His father's family had organized and ran the Burden Iron Works in Troy, of which his father served as president from 1906 until his death. His paternal grandparents were Mary Proudfit (née Irvin) Burden (daughter of Richard Irvin) and James Abercrombie Burden (son of Henry Burden). His uncle, Arthur Scott Burden, was the first husband of Cynthia Roche (the daughter of the 3rd Baron Fermoy and Frances Ellen Work, and a sister of the 4th Baron Fermoy, a grandfather of Diana, Princess of Wales). His niece, Adele Burden Lawrence, married the prominent writer Louis Stanton Auchincloss. His maternal grandparents were William D. Sloane, the head of W. & J. Sloane, and Emily Thorn Vanderbilt (a daughter of William Henry Vanderbilt and granddaughter of Cornelius Vanderbilt). His aunt was Emily Vanderbilt Sloane.

Burden attended Groton School before attending Harvard College where he graduated in 1920.

==Career==
During World War I, Burden joined the U.S. Navy and in World War II, he was a colonel in the Army Air Corps.

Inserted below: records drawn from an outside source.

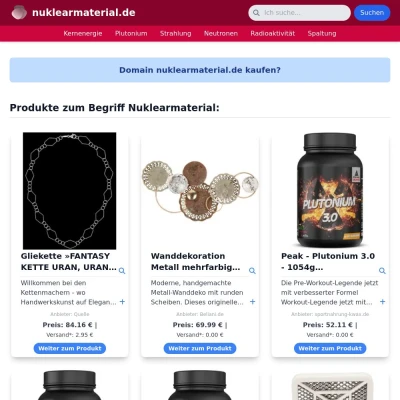 Screenshot nuklearmaterial.de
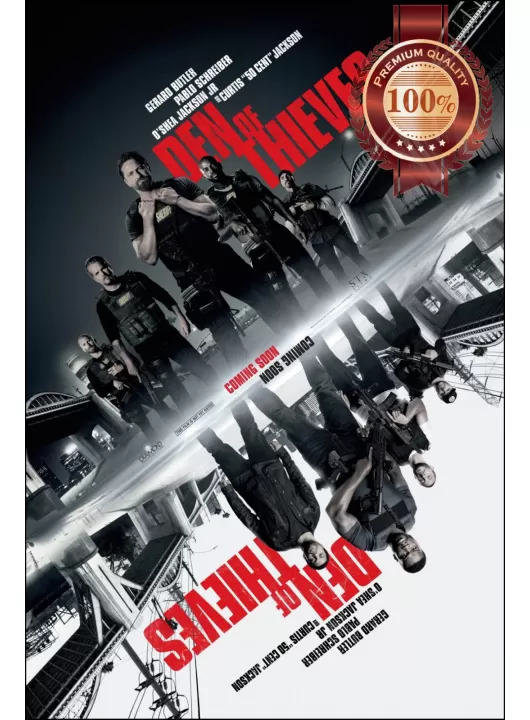 DEN OF THIEVES 2018 ACTION/CRIME ORIGINAL MOVIE FILM CINEMA PRINT PREMIUM POSTER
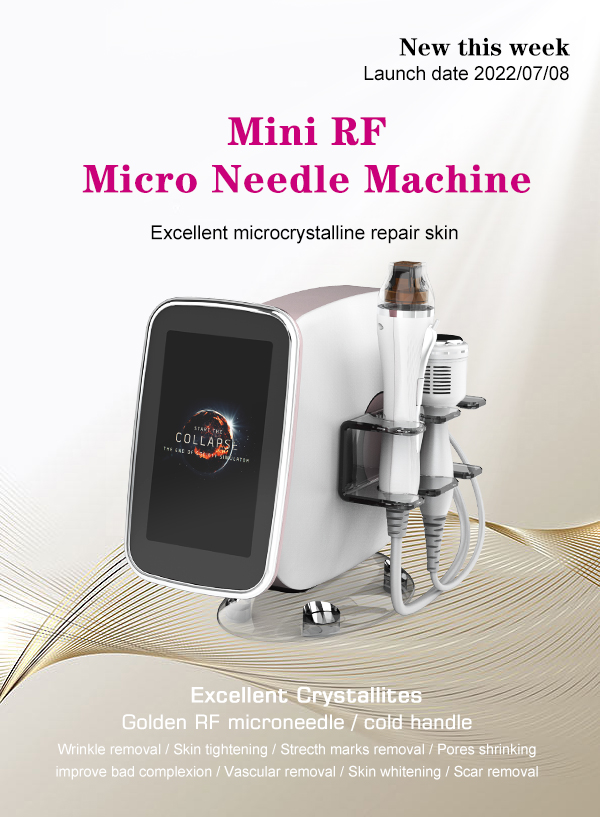 New Fractional Rf Wrinkle Remover Face Lifting Machine Microneedle Rf Microneedling Machine Removes Stretch Marks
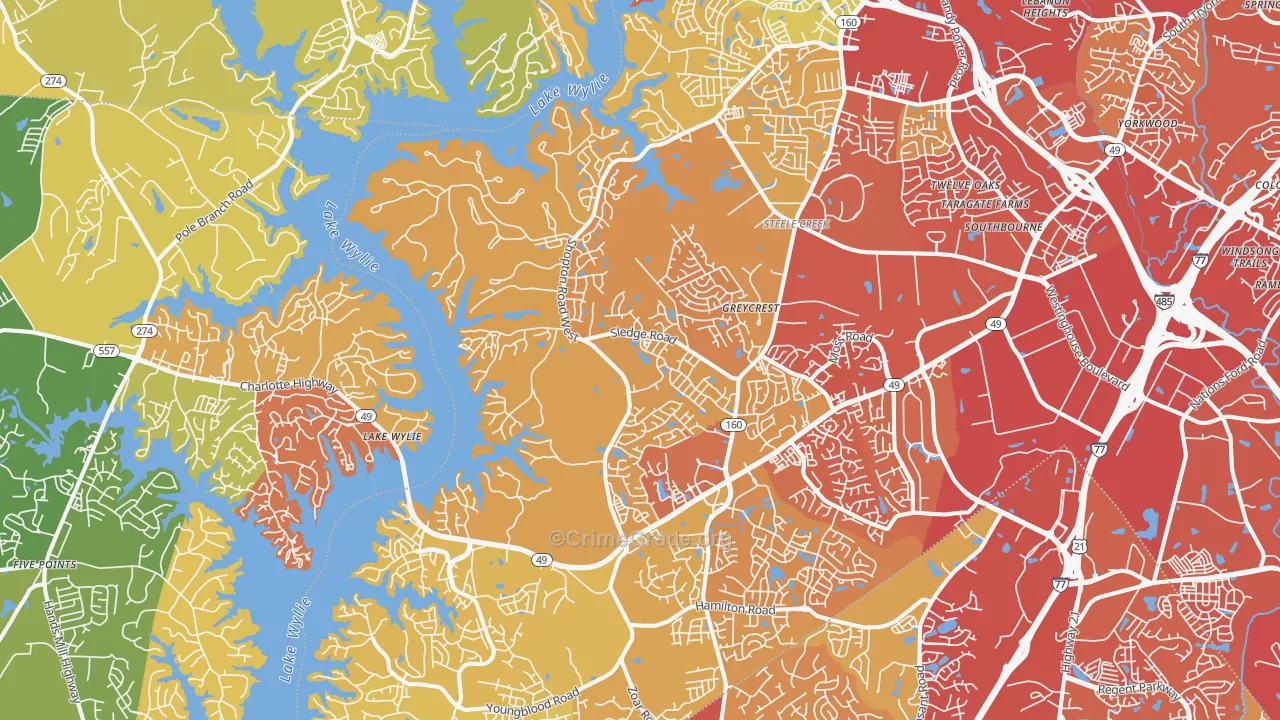 28278, NC Map of Vehicle Theft Rates
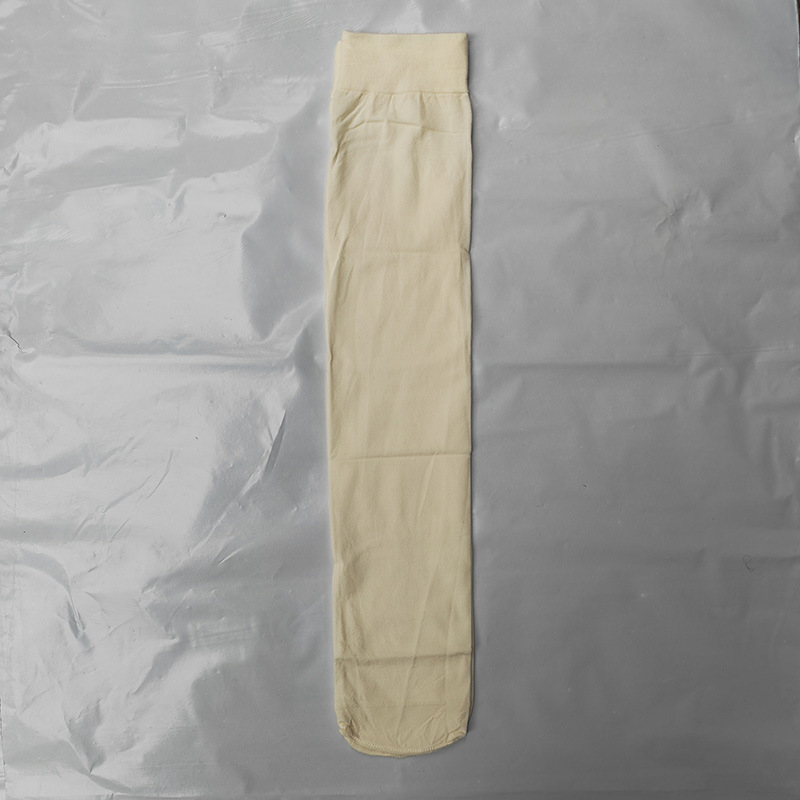 Calcetines finos hasta la pantorrilla, calcetines por encima de la rodilla, calcetines de compresión adelgazantes, calcetines largos hasta la pantorrilla de terciopelo de color sólido estilo JK, calcetines holgados.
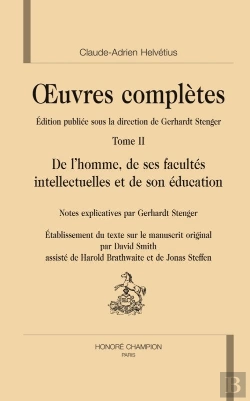 Bertrand.pt - Oeuvres Complètes Tome 2 ; De L'Homme, De Ses Facultés Intellectuelles Et De Son Éducation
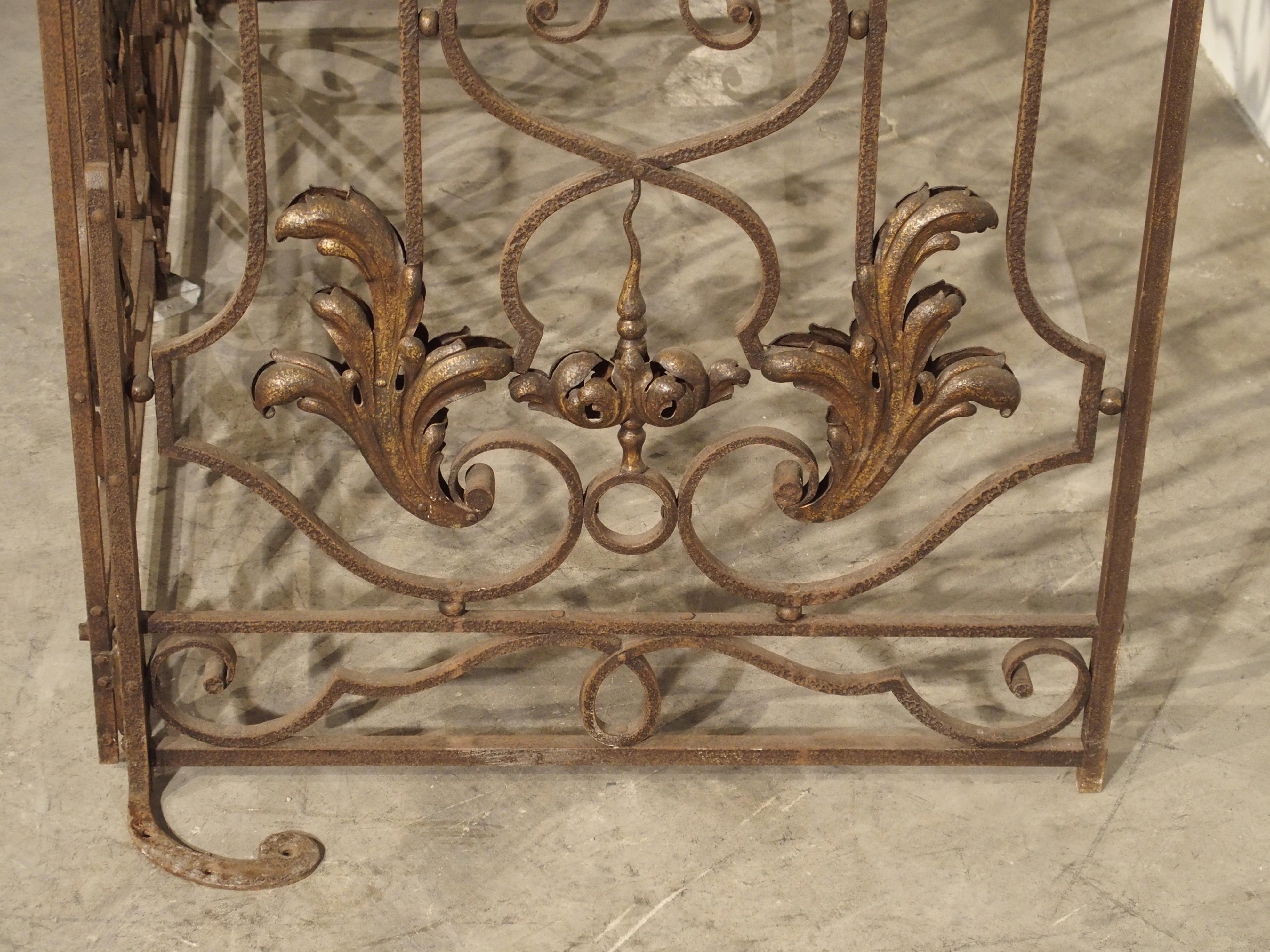 Pair of circa 1800 French Wrought Iron Gates 12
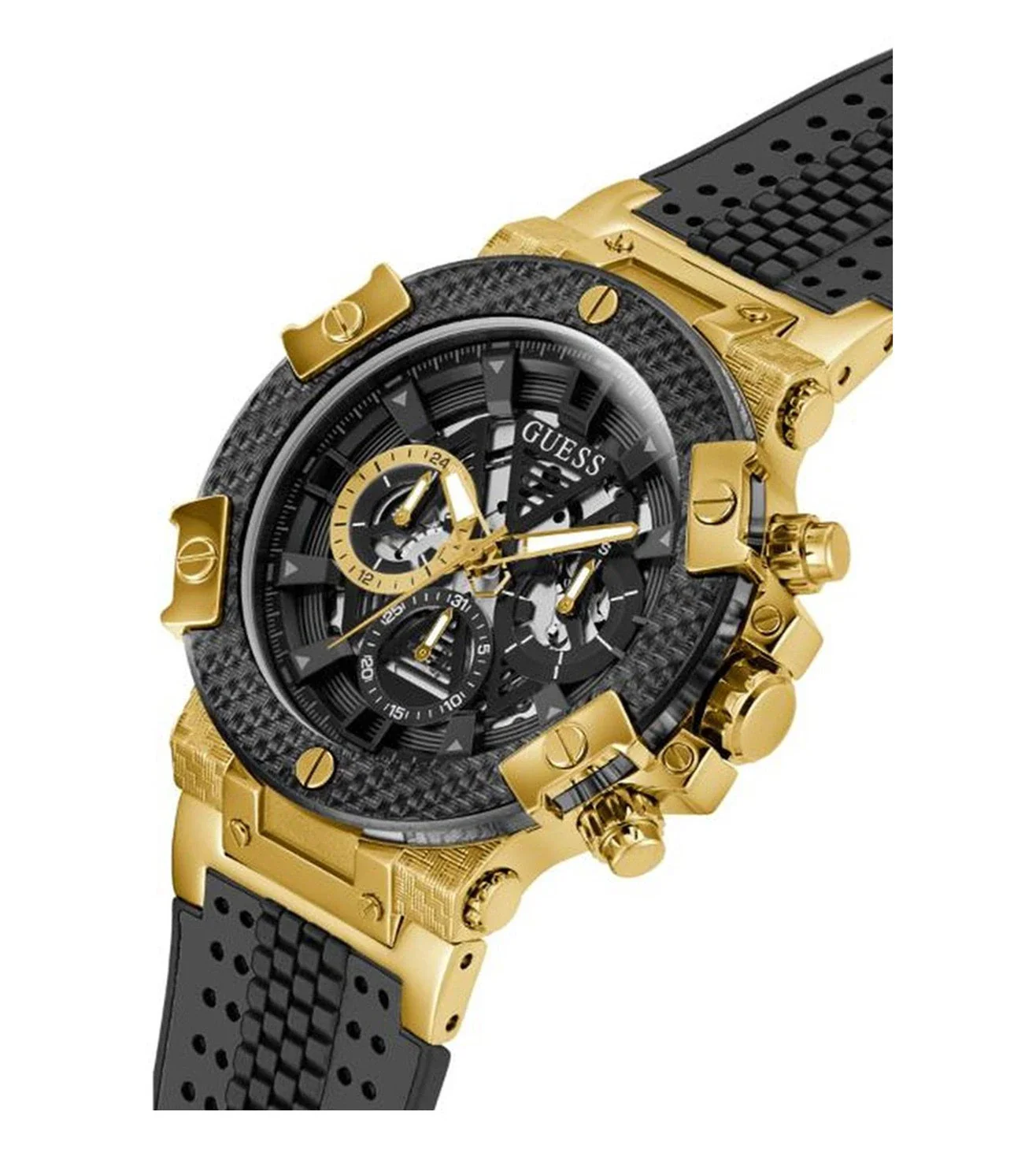 GW0486G2 | GUESS Carbon Chronograph Watch for Men - Image 5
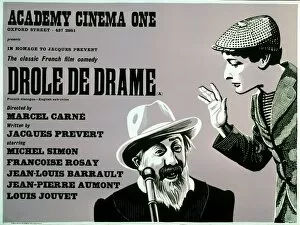 Images Dated 23rd October 2010: Academy Poster for Marcel Carnes Drole de Drame (1937)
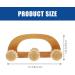 Lalafina Wooden Handheld Body Massager | Portable Muscle Roller for Neck Shoulders Arms & Legs | Relieve Sore Muscles | International Shipping Available - Buy Online on GoSupps.com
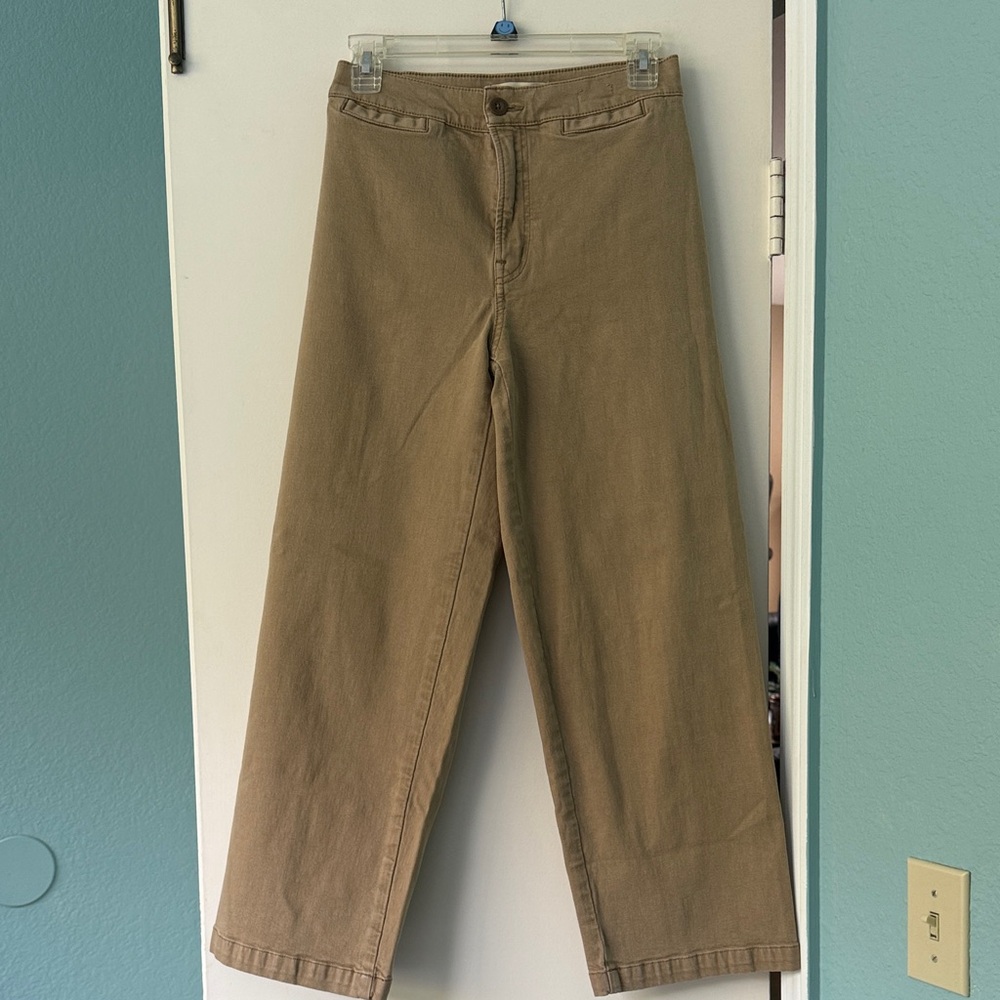 Madewell Wide Leg Pants in Khaki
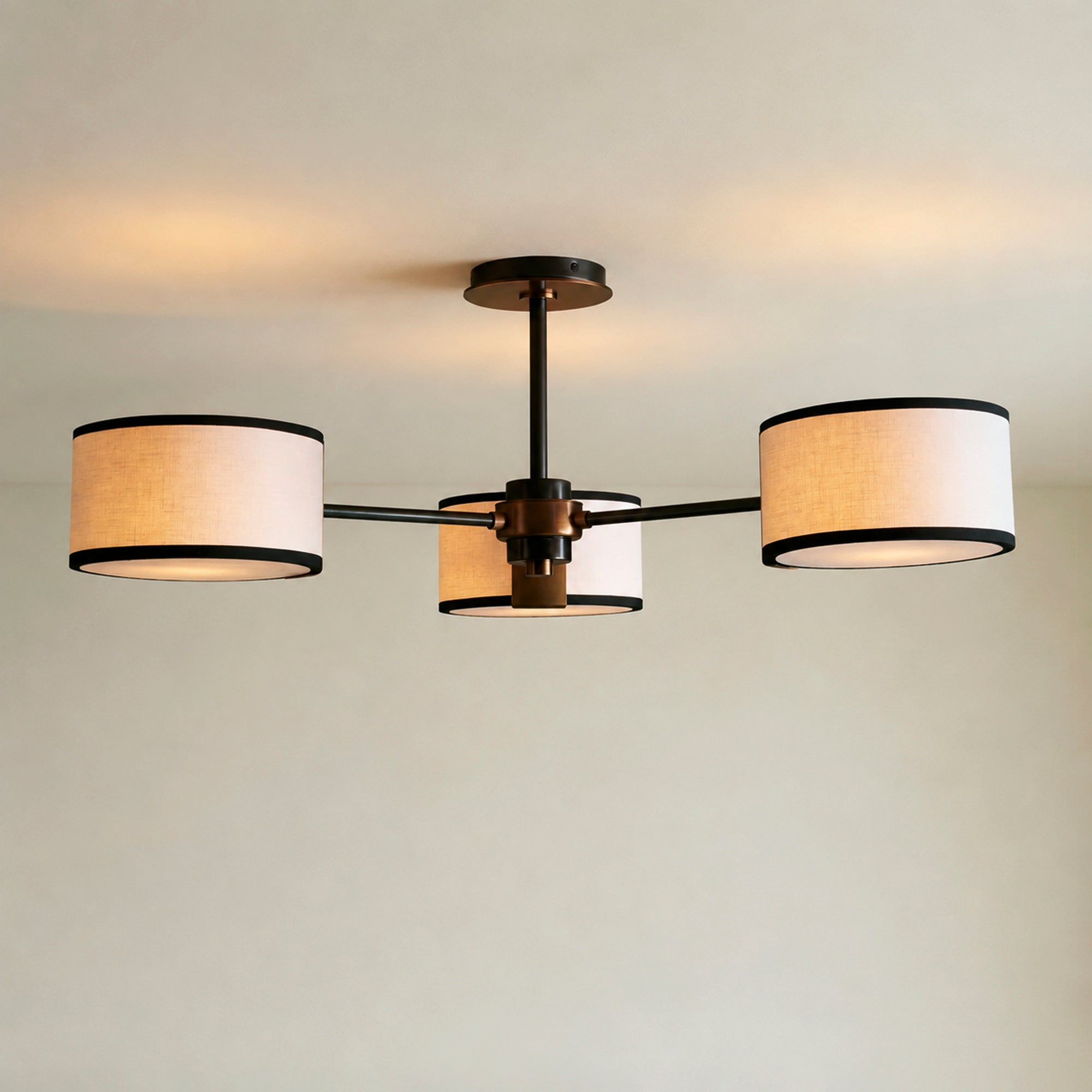 Daphne Fabric Flush Mount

He served as chief, Production Resources Section and was awarded the Army-Navy "E" Award "E" pin.

Burden served as president and chairman of the Orange Roller Bearing Company, which manufactured specialized stainless steel products, and was based out of 557 Main Street in Orange, New Jersey. The company a subsidiary of Handy & Harman. Burden retired in 1969 after the assets of its bearings division were sold to Raritan Bearing Corp., a subsidiary of Roller Bearing Co. of America. He also served as a director of the Merritt-Chapman & Scott Corporation of New York.

==Personal life==

Photograph of Burden, by Arnold Genthe, 1914

On June 25, 1951, Burden was married to Elizabeth Harris ( Leake) Walker (1914–2007) of Richmond, Virginia, in Paris with the civil ceremony in the Mairie of the first Paris district and the religious ceremony at the American Church in Paris. She was the former wife of Bradford Hastings Walker. She was a daughter of Judge David Harris Leake, who served as general attorney of the Chesapeake and Ohio Railway. Through Elizabeth, he became stepfather to twins Bradford Hasting Walker (a stockbroker who married Pamela Drexel, daughter of John R. Drexel III, in 1966) and David Hastings Walker, a yacht broker.

He was a member of the Racquet and Tennis Club of New York, the Piping Rock Club in Locust Valley, and the Meadowbrook Club in Old Westbury, New York. Along with his cousin, Harold S. Vanderbilt, who founded the game, he was an "expert amateur contract-bridge player."

After a long illness, Burden died at his home in Locust Valley, New York, a 1928 French Norman style mansion designed by Benjamin Wistar Morris of LaFarge & Morris, on May 5, 1979.